Global

When you enable global Authenticated Origin Pulls (AOP), Cloudflare uses a Cloudflare-provided client certificate for all proxied traffic to your zone. This certificate is shared across all Cloudflare accounts and guarantees that the request is coming from the Cloudflare network.

Global, zone-level, and per-hostname AOP are independent configurations. Enabling or disabling one does not affect the others.

Before you begin

• Make sure your zone is using an SSL/TLS encryption mode of Full or higher.
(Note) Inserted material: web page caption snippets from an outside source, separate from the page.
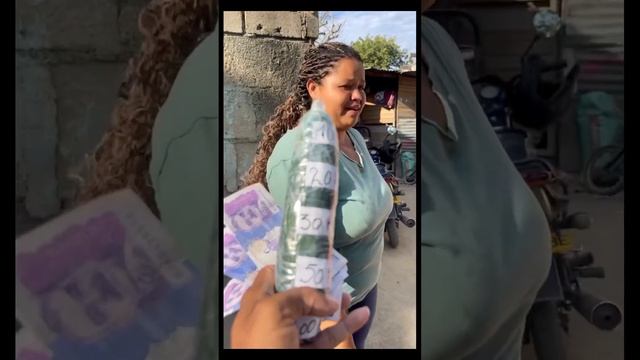 Millonario regala diner0 por reto del pepino 😱 #viral смотреть онлайн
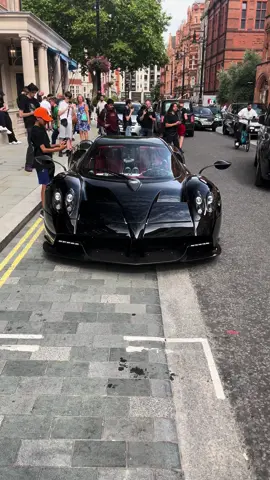 Cheeky #pagani #bugatti #lamborghini #koenigesgg #ferrari #porsche #spotsbyalexx #hypercar #hypercars #supercar #carspotting #londoncarspotting #fyp #viralvideos #carsound #blowthisup #viralvideos #carsoftiktok #CapCut 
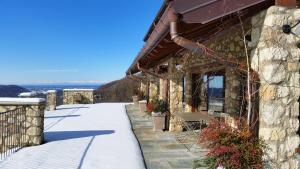 Φωτογραφία από το άλμπουμ του AGRITURISMO SAN GENESIO σε Rovagnate +16 φωτογραφίες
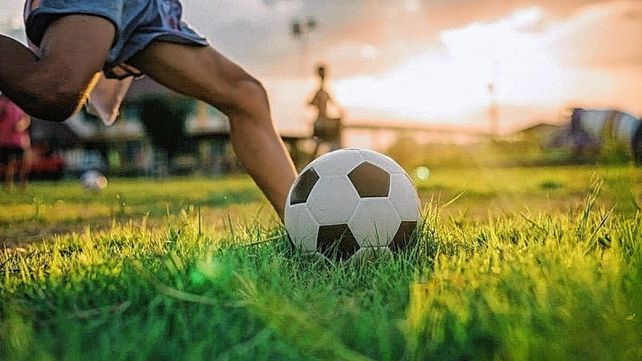 El fútbol es solo un juego: un video viral en el que los chicos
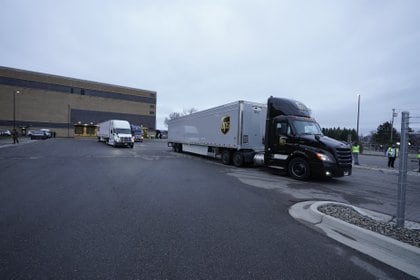 13/12/2020 El primer cargamento de la vacuna de Pfizer saliendo de la fábrica de la farmacéutica en Portage, Míchigan, Estados Unidos.

Este domingo han partido desde la fábrica de Pfizer en Portage, Míchigan, los primeros camiones con cargamentos de la vacuna contra el coronavirus de la farmacéutica para su distribución en los 50 estados del país con vistas a comenzar este mismo lunes la campaña de vacunación.

POLITICA NORTEAMÉRICA ESTADOS UNIDOS
2020 POOL / POOL
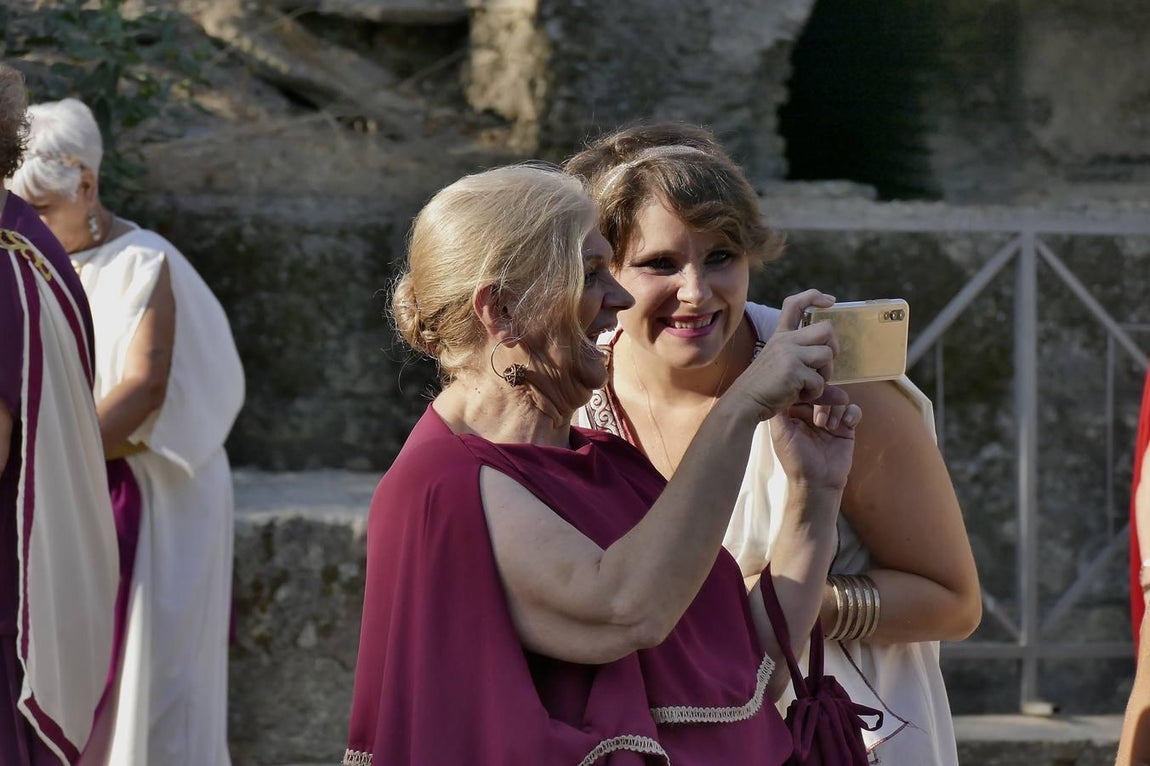 En imágenes, desfile de legionarios por el II Día de la Romanidad en Itálica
• Consider your security and certificate needs:

  • The Cloudflare-provided certificate is not exclusive to your account. It only guarantees that a request is coming from the Cloudflare network. If you need stricter security, set up zone-level or per-hostname AOP with your own certificate instead.

  • Global AOP is applied to all proxied hostnames on your zone, including custom hostnames configured on a Cloudflare for SaaS zone. If you need a different AOP certificate for different custom hostnames, use per-hostname AOP.

1. Download the Cloudflare certificate

Download the Cloudflare authenticated origin pull certificate (.PEM) and upload it to your origin server. This certificate is not the same as the Cloudflare Origin CA certificate.

2. Configure origin to accept client certificates

With the certificate installed, set up your origin web server to accept client certificates.

Check the examples below for Apache and NGINX or refer to your origin web server documentation - for example, HAProxy ↗, Traefik ↗, Caddy ↗.

Apache example

SSLCACertificateFile /path/to/origin-pull-ca.pem

For this example, you would have saved your certificate to /path/to/origin-pull-ca.pem.

Rename the downloaded .PEM file and upload it to /path/to/origin-pull-ca.pem before applying the settings.

NGINX example

ssl_verify_client optional;
ssl_client_certificate /etc/nginx/certs/cloudflare.crt;

For this example, you would have saved your certificate to /etc/nginx/certs/cloudflare.crt.

Rename the downloaded .PEM file and upload it to /etc/nginx/certs/cloudflare.crt before applying the settings.

At this point, you may also want to enable logging on your origin so that you can verify the configuration is working.

3. Enable global Authenticated Origin Pulls

Dashboard

1. Go to the Origin Server page.

   Go to Origin Server

2. Select the Authenticated Origin Pulls tab.

3. In the Global section, switch the toggle to On.

API

To enable or disable global Authenticated Origin Pulls with the API, use the Edit zone setting endpoint with tls_client_auth as the setting name in the URI path, and the value parameter set to your desired setting ("on" or "off").

4. Enforce validation check on your origin

Once you can confirm everything is working as expected for your specific origin setup, configure your origin to enforce the authentication.

Apache example

SSLVerifyClient require

NGINX example

ssl_verify_client on;

After completing the process, you can use curl to send requests directly to your origin IPs, verifying that the requests fail due to certificate validation being enforced.